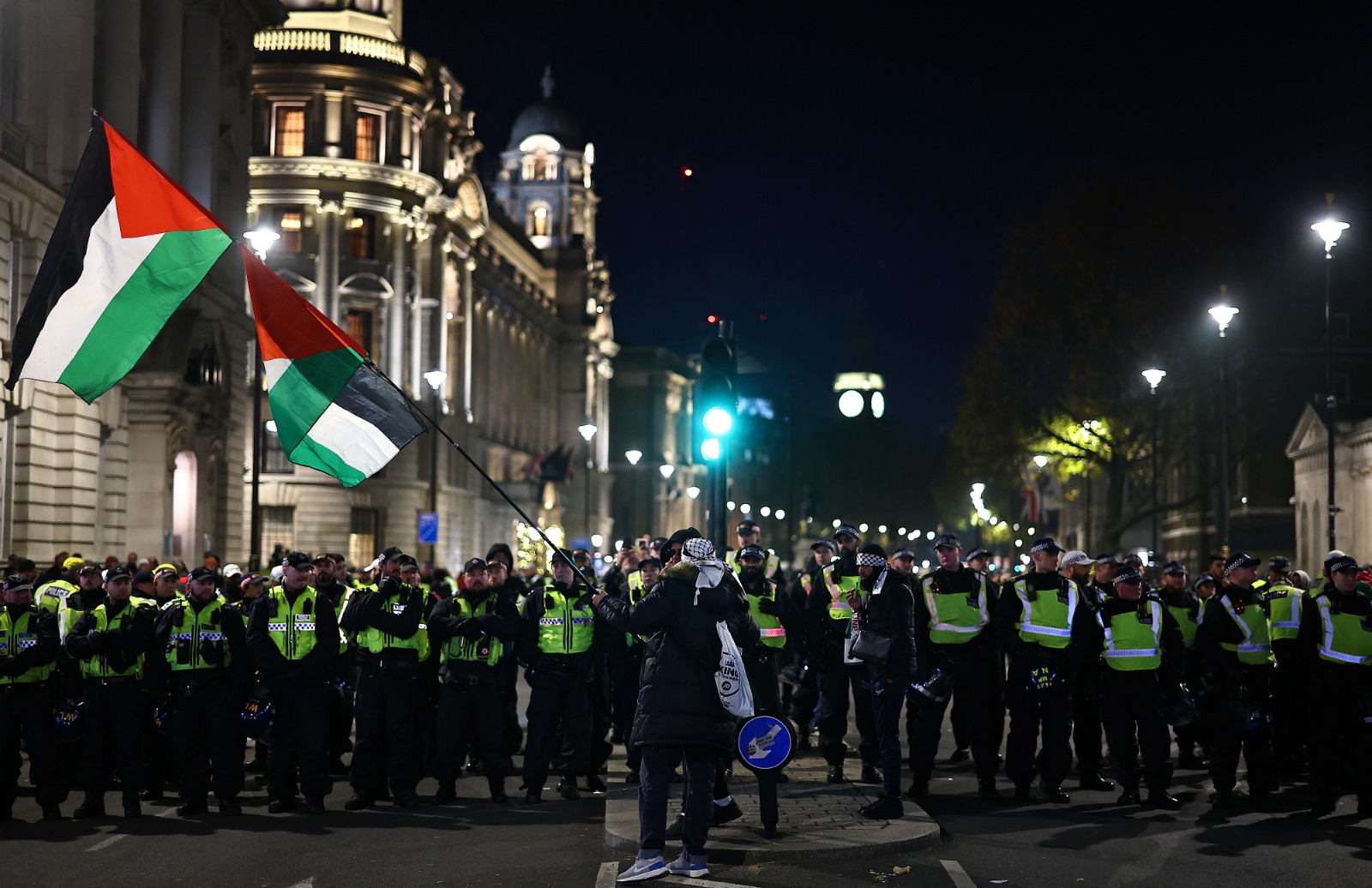 متظاهر يلوح بعلم فلسطين في مواجهة ضباط شرطة خلال “المسيرة الوطنية من أجل فلسطين” في وسط لندن، بريطانيا. 25 نوفمبر 2023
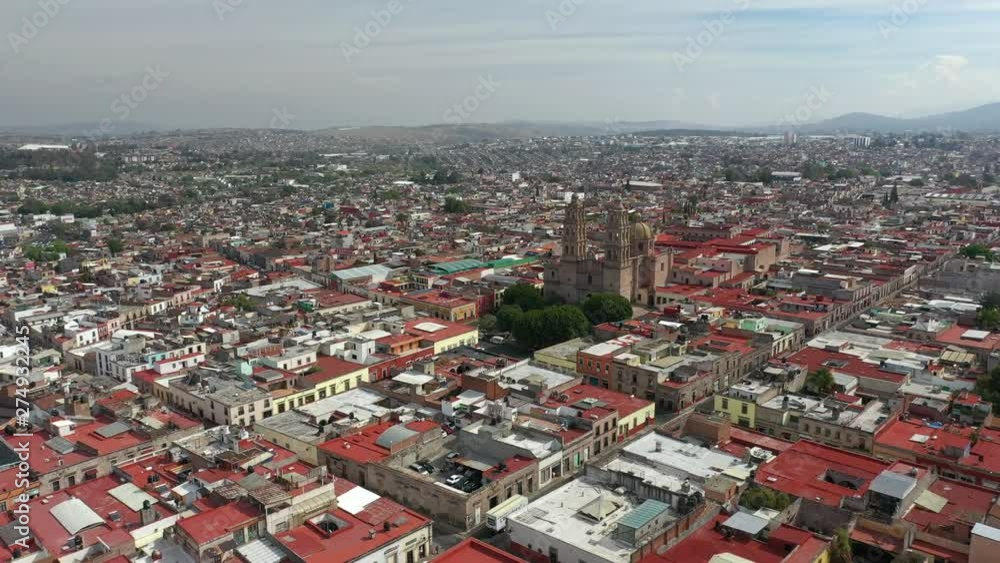 Aerial Drone View over the colorful rooftops and a church in Morelia, Michoacan, Mexico Aerial Drone View over the colorful rooftops and a church in Morelia, Michoacan, Mexico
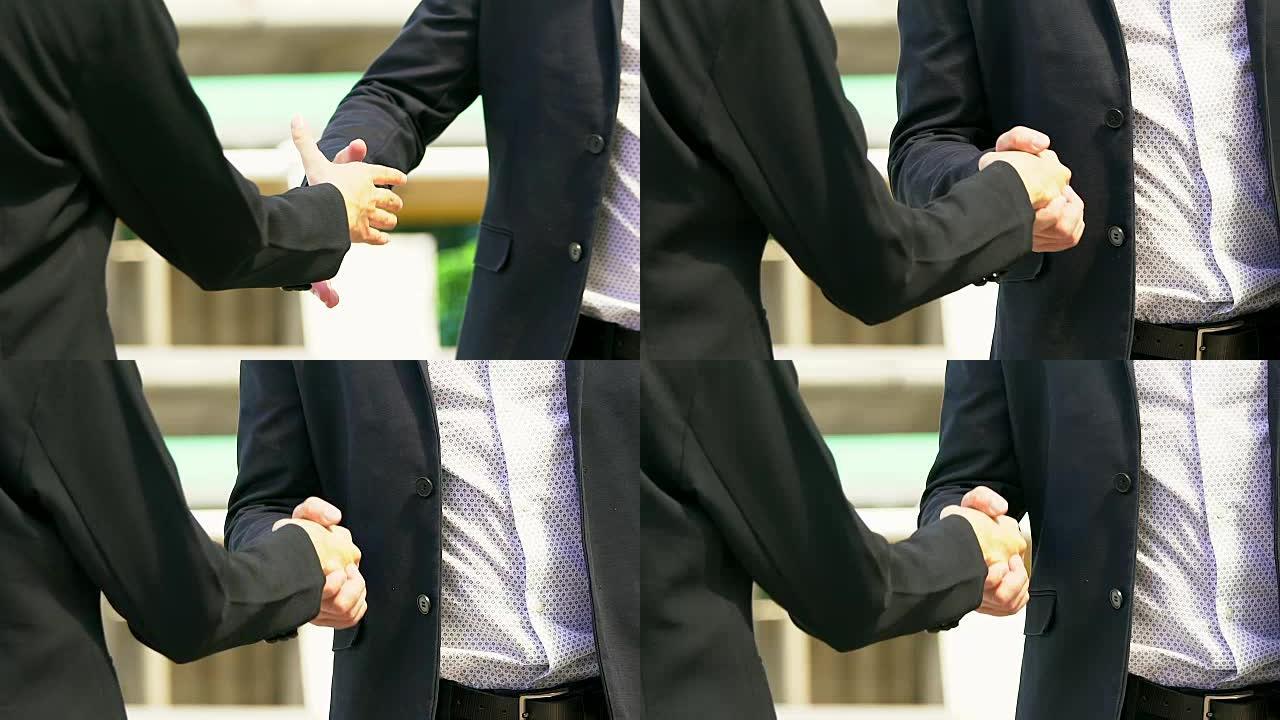 两名男子的商业握手，表明他们同意在他们的公司/企业之间签署协议或合同。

:::::

What this task involves
Your copy should match the material above exactly, minus its pictures.

Completed exercise
 متظاهر يلوح بعلم فلسطين في مواجهة ضباط شرطة خلال “المسيرة الوطنية من أجل فلسطين” في وسط لندن، بريطانيا. 25 نوفمبر 2023
 Aerial Drone View over the colorful rooftops and a church in Morelia, Michoacan, Mexico Aerial Drone View over the colorful rooftops and a church in Morelia, Michoacan, Mexico
 两名男子的商业握手，表明他们同意在他们的公司/企业之间签署协议或合同。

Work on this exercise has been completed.